For more project details see project blog www.deadmother.com
Using film, sound, photography, text, and installation, the project will attempt to give a shape and presence to the nature of the absence and the efforts and effects involved in accommodating the loss.
‘15 years ago, it was widely assumed that the vast majority of brain development takes place in the first few years of life. Back then we didn’t have the ability to look inside the living human brain and track development across the lifespan’

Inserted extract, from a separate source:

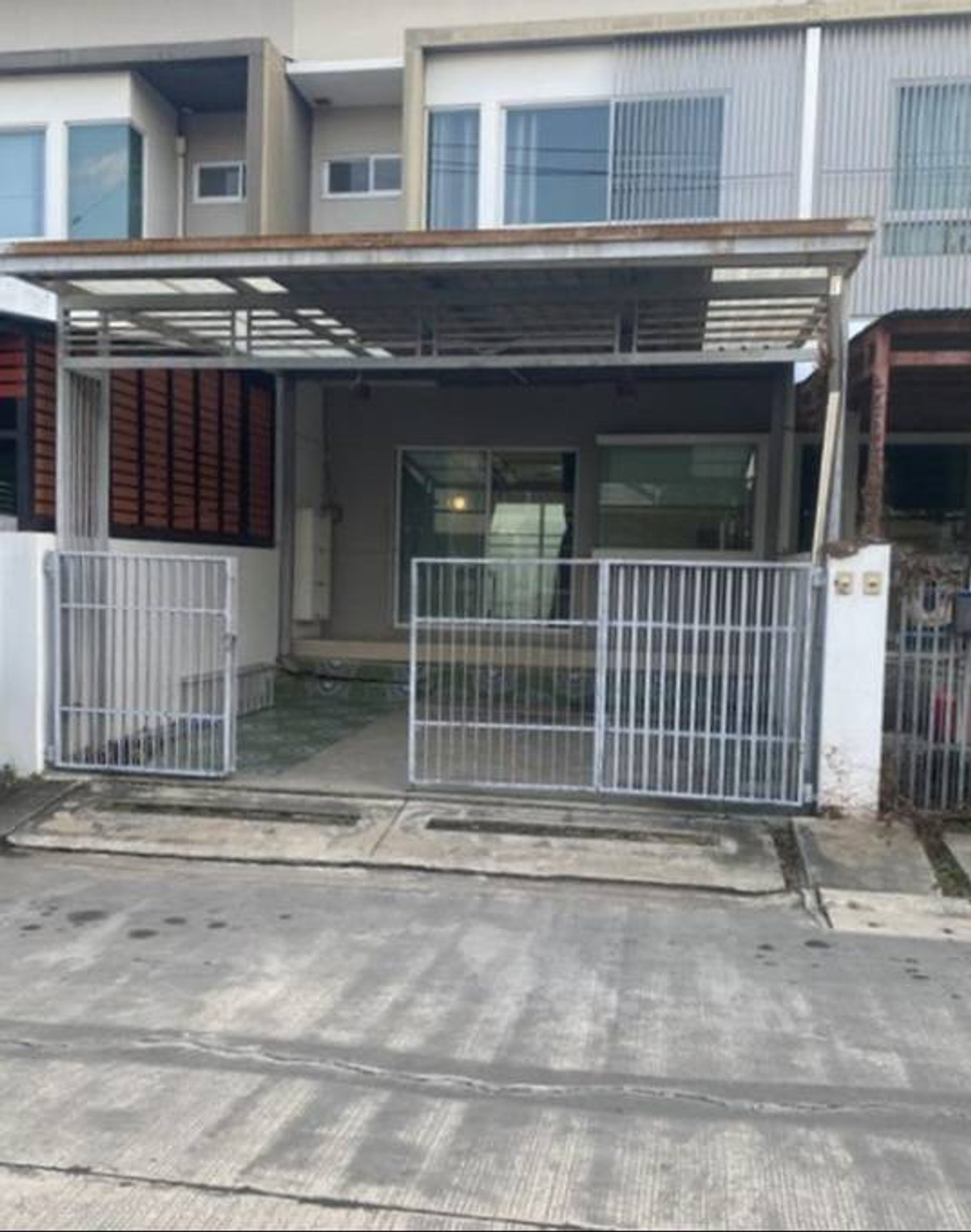 ให้เช่าทาวน์โฮมราษฎร์บูรณะ สุขสวัสดิ์ : ให้เช่าทาวน์โฮม อินดี้ ประชาอุทิศ 90 ใกล้ บิ๊กซี ฟู้ดเพลส ประชาอุทิศ เพียง 4 นาที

Professor Sarah-Jayne Blakemore, 2012
Now we do. Current research in neurology and psychology are discovering how crucial the period of brain development is between the ages of 11 – 24 years. A young adults brain is particularly ‘plastic’ and susceptible to environmental factors, providing significant potential for learning and adaptation, but also vulnerability with respect to mental health.
Engaging with Neuro-scientist Professor Sarah-Jayne Blakemore, Neuro-psychologist Professor Martin Conway, Psychoanalyst Dr Michael Parsons, ethics advice from Professor Roger Higgs, and discussions with writer and researcher Dr Caterina Albano, Artist Anne Brodie and her sister G.P Dr Catriona Brodie, have looked at the nature of the long-term effects of a mother’s death in adolescence. A series of film and photographic based outcomes have been created based upon interviews with women at different stages in their lives who have a shared experience of their own mothers death when they were aged 14 and 17 respectively.